Thursday, April 11, 2024

Finding Duplicated Records in R

Someone asked a question about finding which records (rows) in their data frame are duplicated by other records. If you just want to know which records are duplicates, base R has a duplicated() function that will do just that. It occurred to me, though, that the questioner might have wanted to know not just which records were duplicates but also which records were the corresponding "originals". Here's a bit of R code that creates a small data frame with duplicated rows and then identifies original/duplicate pairs by row number.


library(dplyr)

# Create source data.
df <- data.frame(a = c(3, 1, 1, 2, 3, 1, 3), b = c("c", "a", "a", "b", "c", "a", "c"))

# Find the indices of duplicated rows.
dup <- df |> duplicated() |> which()

# Split the source data into two data frames.
df1 <- df[-dup, ]  # originals (rows 1, 2 and 4)
df2 <- df[dup, ]   # duplicates (rows 3, 5, 6 and 7)
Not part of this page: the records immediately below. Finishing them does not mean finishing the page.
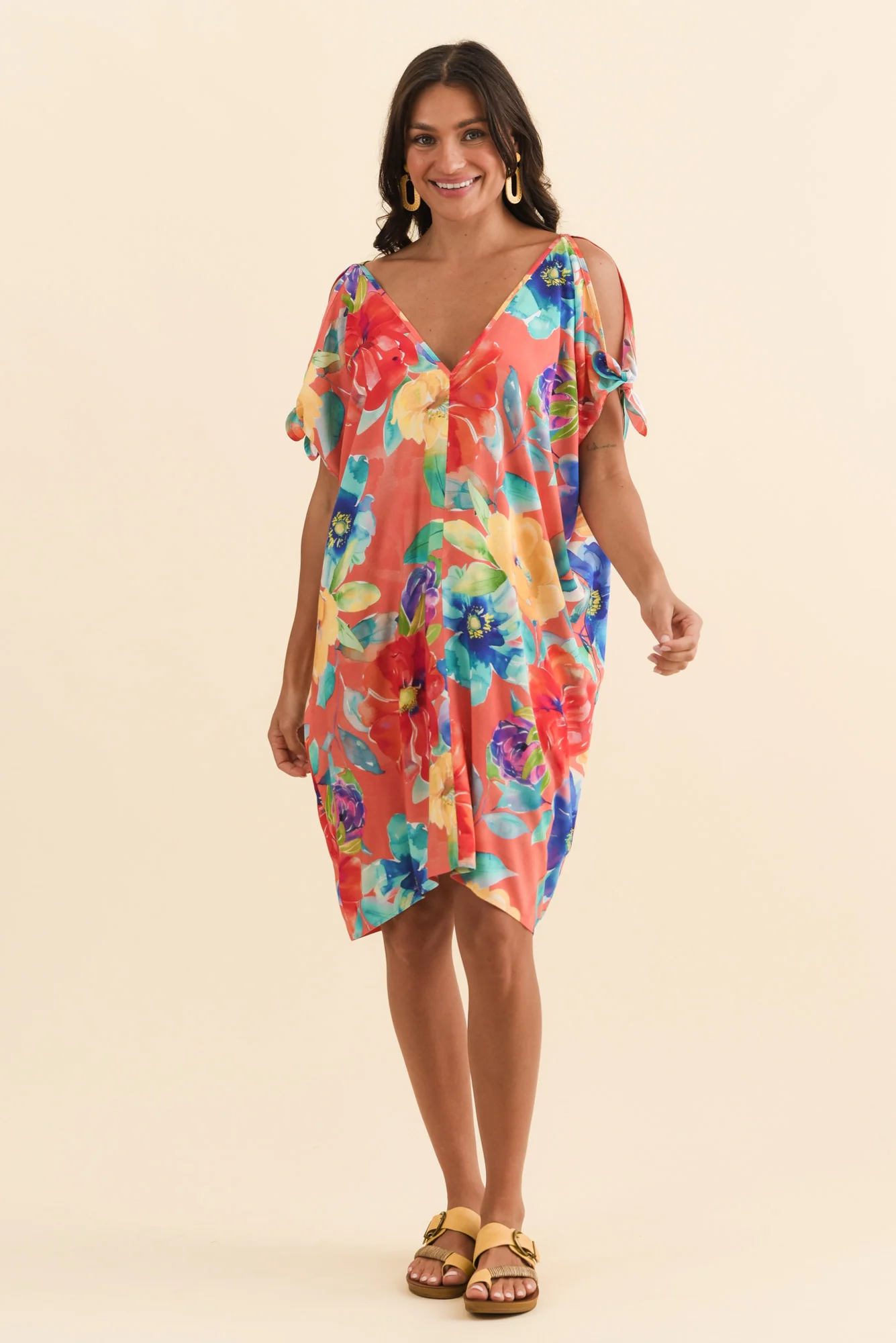 Candice Coral Bloom Cold Shoulder Kaftan - Image 2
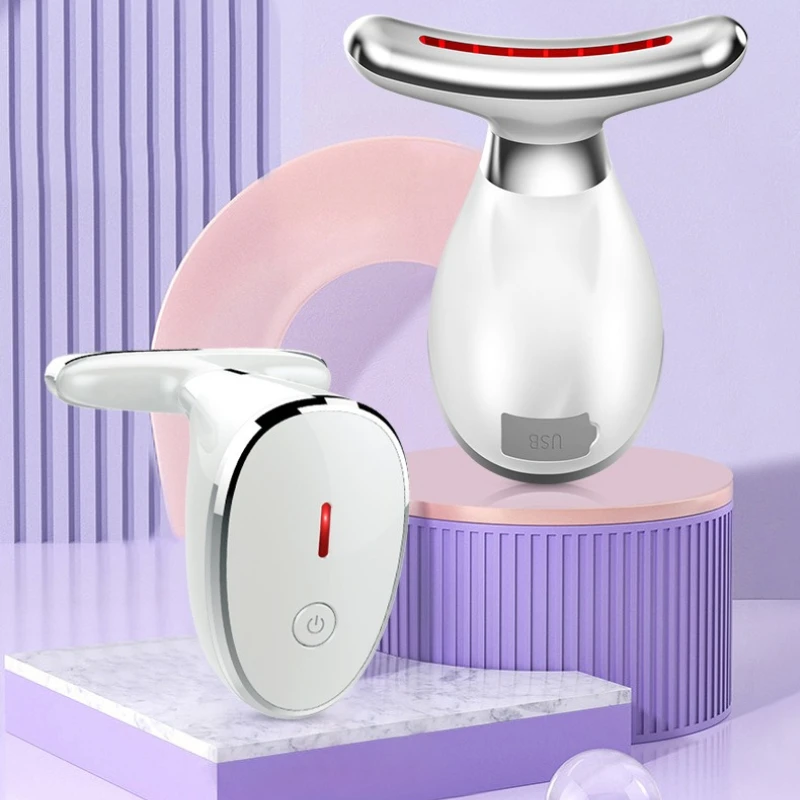 Neck Massager EMS Microcurrent Vibration Massage Face Neck Firming Clean Hot Cold Therapy LED Light Neck Beauty Device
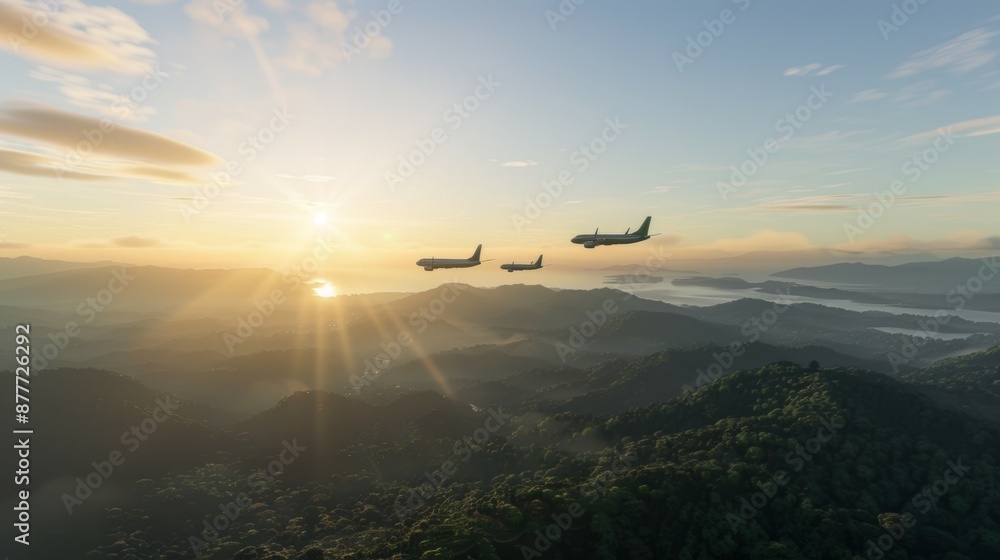 Fototapeta premium Three airplanes flying in the sky over a mountain range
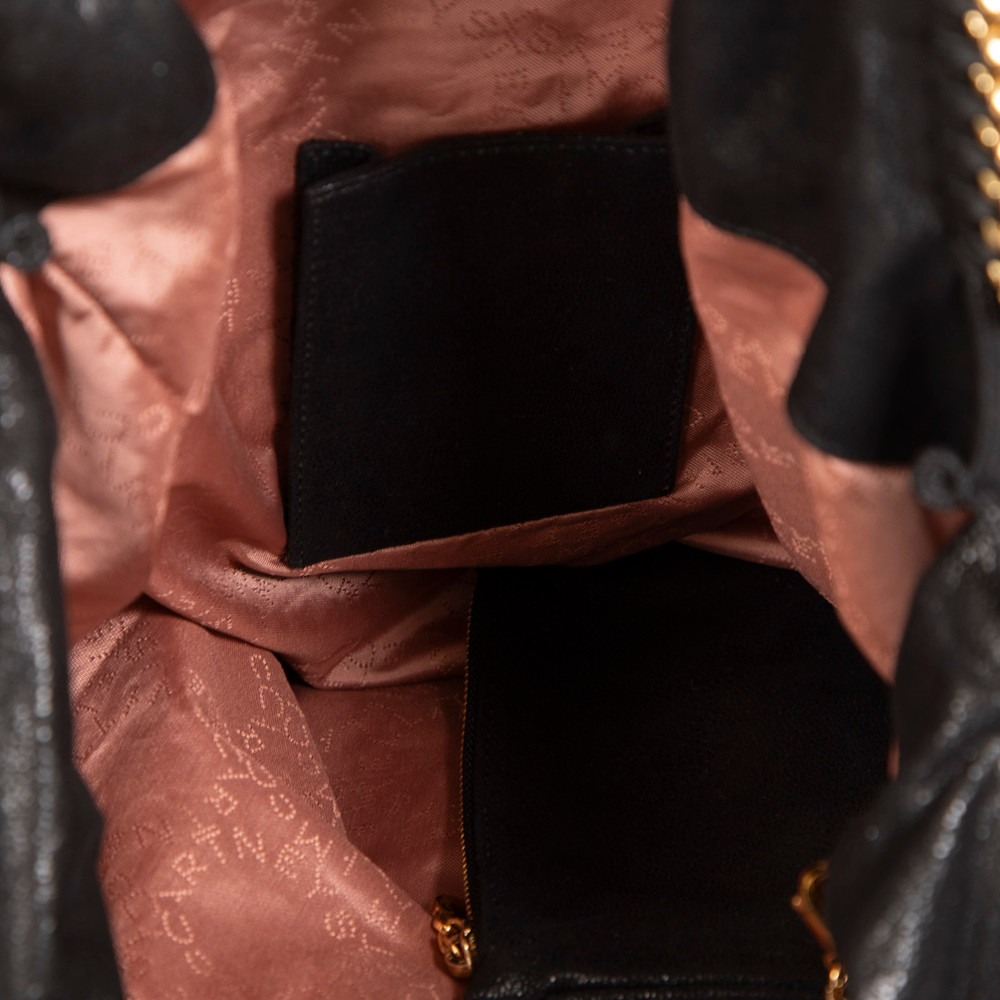 Second Hand Stella McCartney Black Vegan Suede Falabella Large Tote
# The row names are the row indices in the original data frame df. Assign them to columns.
df1$Original <- row.names(df1)
df2$Duplicate <- row.names(df2)

# Perform an inner join to find the original/duplicate pairings. The "NULL" value for "by"
# (which is actually the default and can be omitted) means rows of df1 and df2 are paired
# based on identical values in all columns they have in common (i.e., all the original
# columns of df).
inner_join(df1, df2, by = NULL) |> select(Original, Duplicate)

# Result:
#   Original Duplicate
# 1        1         5
# 2        1         7
# 3        2         3
# 4        2         6

The key here is that the inner_join function pairs rows from each data frame (originals and duplicates) based on matching values in the "by" columns. The default value of "by" (NULL) tells it to match by all the columns the two data frames have in common -- which in the is case is all the columns in the source data frame. The resulting data frame will have the columns from the source data frame (here "a" and "b") plus the columns unique to each data frame ("Original" and "Duplicate"). We use the select() command to drop the source columns and just keep the indices of the original and duplicate rows.